(Crawled caption data)
┌──

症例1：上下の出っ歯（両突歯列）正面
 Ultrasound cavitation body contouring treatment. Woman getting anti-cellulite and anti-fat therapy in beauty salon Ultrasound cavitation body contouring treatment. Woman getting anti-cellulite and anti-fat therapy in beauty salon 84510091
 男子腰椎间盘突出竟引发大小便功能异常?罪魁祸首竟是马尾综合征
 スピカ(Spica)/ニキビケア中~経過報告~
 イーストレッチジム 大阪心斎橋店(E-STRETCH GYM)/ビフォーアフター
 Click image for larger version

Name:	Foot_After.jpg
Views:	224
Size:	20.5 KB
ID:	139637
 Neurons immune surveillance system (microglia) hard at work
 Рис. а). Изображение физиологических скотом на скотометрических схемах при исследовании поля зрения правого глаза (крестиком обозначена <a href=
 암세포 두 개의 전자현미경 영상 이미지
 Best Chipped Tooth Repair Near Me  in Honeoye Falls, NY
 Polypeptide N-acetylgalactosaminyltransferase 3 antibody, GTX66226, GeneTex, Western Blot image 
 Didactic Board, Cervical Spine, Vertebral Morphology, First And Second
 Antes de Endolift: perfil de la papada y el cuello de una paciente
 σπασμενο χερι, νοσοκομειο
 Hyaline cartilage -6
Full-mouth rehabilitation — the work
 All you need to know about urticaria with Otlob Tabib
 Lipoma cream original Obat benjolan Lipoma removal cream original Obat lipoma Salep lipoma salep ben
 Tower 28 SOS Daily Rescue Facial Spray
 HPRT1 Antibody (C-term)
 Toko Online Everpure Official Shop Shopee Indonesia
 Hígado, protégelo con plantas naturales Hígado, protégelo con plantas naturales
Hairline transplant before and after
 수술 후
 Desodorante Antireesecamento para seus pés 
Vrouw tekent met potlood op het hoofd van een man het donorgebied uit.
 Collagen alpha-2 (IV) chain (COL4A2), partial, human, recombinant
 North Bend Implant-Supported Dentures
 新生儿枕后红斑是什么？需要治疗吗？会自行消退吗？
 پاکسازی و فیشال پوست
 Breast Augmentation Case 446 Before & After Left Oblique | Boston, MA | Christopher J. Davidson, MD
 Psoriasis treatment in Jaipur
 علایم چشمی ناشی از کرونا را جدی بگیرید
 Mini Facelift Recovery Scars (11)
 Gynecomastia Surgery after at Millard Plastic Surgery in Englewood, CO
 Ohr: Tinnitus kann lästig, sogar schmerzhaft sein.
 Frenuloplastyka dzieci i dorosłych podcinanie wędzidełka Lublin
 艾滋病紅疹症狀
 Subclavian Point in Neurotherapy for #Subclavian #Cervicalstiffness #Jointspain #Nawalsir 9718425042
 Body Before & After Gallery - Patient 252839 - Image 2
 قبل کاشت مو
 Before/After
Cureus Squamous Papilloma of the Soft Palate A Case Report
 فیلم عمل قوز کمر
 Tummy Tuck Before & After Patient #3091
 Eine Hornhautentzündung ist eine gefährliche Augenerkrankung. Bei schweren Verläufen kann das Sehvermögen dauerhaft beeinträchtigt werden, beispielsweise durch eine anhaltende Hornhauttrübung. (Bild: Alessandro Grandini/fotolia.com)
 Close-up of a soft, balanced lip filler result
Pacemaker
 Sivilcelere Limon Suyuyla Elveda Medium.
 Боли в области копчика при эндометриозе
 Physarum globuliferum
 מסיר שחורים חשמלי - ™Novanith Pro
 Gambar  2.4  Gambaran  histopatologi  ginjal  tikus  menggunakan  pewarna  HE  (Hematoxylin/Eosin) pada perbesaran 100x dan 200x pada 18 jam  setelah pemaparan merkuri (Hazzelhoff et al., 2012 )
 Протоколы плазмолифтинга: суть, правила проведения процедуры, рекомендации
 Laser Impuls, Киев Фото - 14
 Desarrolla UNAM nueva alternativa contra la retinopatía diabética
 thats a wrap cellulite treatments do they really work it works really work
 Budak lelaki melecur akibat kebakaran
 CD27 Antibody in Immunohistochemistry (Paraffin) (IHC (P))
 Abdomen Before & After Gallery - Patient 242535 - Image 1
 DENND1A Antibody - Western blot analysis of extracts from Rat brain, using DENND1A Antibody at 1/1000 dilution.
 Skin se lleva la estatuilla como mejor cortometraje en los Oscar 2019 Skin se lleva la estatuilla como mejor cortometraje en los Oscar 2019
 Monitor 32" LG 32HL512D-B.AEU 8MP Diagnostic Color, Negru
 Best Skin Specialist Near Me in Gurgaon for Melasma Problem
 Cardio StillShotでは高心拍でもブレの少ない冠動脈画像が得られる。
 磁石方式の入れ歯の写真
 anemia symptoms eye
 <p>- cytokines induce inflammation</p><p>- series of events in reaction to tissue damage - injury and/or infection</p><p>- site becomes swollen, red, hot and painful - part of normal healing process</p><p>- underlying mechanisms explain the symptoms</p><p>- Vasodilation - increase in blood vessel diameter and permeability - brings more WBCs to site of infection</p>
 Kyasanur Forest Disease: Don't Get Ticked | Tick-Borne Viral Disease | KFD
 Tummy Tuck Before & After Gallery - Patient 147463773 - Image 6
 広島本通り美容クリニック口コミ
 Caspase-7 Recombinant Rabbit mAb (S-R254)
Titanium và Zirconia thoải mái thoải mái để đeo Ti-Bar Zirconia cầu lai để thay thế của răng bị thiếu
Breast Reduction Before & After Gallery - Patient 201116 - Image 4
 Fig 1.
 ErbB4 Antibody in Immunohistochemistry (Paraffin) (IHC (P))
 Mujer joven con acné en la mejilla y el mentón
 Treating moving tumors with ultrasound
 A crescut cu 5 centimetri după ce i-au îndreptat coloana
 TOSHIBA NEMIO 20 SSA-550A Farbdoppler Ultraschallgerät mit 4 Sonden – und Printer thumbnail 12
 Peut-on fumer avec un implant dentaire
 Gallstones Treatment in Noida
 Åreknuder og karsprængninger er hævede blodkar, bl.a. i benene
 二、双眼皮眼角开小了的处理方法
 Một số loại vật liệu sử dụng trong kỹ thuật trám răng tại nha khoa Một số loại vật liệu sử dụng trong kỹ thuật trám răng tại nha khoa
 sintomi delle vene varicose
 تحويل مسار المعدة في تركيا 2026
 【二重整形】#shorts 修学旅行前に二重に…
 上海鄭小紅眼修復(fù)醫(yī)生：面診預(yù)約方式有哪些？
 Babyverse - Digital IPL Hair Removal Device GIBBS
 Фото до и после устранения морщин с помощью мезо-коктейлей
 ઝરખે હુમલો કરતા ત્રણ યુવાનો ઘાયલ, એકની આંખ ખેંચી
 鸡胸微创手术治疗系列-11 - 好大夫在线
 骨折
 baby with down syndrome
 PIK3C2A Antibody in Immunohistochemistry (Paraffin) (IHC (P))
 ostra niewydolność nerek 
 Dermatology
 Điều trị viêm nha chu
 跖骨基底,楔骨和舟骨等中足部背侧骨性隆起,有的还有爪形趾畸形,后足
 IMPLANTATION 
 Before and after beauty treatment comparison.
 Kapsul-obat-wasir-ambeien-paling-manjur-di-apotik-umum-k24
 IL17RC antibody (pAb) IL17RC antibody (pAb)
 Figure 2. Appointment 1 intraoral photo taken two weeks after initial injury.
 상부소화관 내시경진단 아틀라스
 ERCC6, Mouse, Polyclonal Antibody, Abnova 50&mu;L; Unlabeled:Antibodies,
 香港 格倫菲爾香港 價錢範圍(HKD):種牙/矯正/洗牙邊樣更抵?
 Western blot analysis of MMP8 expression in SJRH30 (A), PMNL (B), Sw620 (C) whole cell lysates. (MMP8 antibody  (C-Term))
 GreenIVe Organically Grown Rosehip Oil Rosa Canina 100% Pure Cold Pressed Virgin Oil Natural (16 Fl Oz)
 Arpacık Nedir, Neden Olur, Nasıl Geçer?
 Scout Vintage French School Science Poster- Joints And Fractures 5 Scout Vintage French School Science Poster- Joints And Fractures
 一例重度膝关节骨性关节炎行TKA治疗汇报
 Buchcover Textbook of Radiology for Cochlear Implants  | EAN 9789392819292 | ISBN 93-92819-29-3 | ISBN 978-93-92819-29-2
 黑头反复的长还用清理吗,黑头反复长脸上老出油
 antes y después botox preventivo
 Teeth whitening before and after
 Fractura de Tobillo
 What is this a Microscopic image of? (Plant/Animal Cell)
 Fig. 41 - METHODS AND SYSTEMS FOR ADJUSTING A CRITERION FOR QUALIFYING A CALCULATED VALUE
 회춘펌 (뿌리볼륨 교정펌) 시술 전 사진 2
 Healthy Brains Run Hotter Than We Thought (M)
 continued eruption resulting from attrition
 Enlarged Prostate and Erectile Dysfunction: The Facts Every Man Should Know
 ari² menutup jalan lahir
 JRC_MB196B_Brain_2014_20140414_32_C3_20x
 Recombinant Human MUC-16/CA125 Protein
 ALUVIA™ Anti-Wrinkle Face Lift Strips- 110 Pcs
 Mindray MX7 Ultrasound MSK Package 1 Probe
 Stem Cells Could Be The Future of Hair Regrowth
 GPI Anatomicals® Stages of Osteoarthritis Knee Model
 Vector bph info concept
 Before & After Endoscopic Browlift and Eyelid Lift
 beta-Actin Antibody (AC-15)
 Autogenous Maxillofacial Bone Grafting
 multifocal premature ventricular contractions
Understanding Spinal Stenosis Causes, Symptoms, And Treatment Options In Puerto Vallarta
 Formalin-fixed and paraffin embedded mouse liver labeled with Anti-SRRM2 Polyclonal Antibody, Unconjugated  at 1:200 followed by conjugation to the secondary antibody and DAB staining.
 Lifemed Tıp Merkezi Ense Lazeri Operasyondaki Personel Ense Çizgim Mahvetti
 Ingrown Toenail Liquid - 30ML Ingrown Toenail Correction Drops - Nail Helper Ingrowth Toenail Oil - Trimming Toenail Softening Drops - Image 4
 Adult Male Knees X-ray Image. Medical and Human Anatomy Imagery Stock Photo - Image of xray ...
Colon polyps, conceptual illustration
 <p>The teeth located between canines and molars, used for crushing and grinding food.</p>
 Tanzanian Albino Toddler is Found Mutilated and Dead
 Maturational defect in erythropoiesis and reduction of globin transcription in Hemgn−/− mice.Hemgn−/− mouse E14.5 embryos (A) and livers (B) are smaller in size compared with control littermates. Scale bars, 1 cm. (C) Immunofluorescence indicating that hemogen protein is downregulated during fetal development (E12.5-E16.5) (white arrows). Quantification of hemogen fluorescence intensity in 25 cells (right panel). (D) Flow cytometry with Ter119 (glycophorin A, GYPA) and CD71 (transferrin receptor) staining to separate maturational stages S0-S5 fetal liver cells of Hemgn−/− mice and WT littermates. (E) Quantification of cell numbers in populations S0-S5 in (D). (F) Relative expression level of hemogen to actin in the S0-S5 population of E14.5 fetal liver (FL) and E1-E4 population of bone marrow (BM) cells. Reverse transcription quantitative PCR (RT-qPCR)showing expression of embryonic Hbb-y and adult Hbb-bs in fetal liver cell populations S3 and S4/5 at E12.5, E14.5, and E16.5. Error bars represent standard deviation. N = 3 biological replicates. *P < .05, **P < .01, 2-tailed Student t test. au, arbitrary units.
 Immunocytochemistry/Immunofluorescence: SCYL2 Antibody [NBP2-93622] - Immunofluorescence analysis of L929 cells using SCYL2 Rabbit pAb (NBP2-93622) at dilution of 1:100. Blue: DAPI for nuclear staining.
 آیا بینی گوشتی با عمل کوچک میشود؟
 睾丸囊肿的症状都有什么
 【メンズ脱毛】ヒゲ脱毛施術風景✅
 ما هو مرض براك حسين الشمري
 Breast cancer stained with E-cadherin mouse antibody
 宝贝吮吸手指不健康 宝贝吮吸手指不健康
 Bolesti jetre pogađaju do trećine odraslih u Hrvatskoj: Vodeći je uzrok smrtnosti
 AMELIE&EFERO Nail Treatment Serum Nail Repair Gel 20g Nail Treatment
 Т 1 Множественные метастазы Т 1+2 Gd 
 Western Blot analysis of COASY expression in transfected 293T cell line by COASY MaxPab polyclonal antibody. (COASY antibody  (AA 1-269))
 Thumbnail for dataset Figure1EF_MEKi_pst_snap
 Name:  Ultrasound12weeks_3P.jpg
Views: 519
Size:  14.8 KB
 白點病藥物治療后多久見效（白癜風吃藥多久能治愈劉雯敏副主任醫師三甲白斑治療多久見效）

└──

Work task: Repeat verbatim the opening run of entries, ending with the line that contains "スピカ(Spica)/ニキビケア中~経過報告~".

Exercise response:
症例1：上下の出っ歯（両突歯列）正面
 Ultrasound cavitation body contouring treatment. Woman getting anti-cellulite and anti-fat therapy in beauty salon Ultrasound cavitation body contouring treatment. Woman getting anti-cellulite and anti-fat therapy in beauty salon 84510091
 男子腰椎间盘突出竟引发大小便功能异常?罪魁祸首竟是马尾综合征
 スピカ(Spica)/ニキビケア中~経過報告~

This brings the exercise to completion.